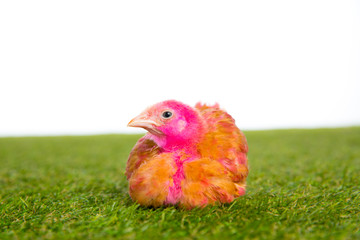chicken chick hen pink painted on turf grass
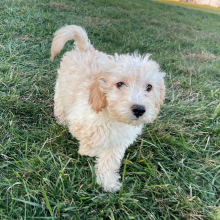 Goldendoodle Puppy Ginger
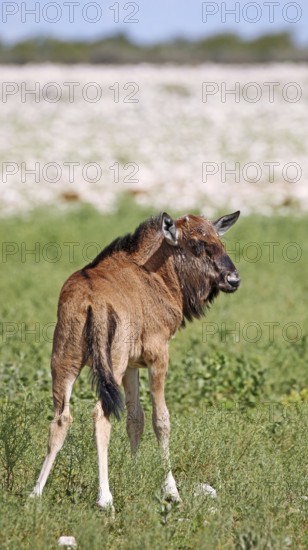 Very young wildebeest, Etosha, Namibia, very young wildebeest, Etosha, Namibia, Africa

■ ■ ■ ■ ■ ■ ■

An exact transcription of the listing is required, and it must contain no pictures.

> _WRITTEN SOLUTION_
chicken chick hen pink painted on turf grass
 Goldendoodle Puppy Ginger
 Very young wildebeest, Etosha, Namibia, very young wildebeest, Etosha, Namibia, Africa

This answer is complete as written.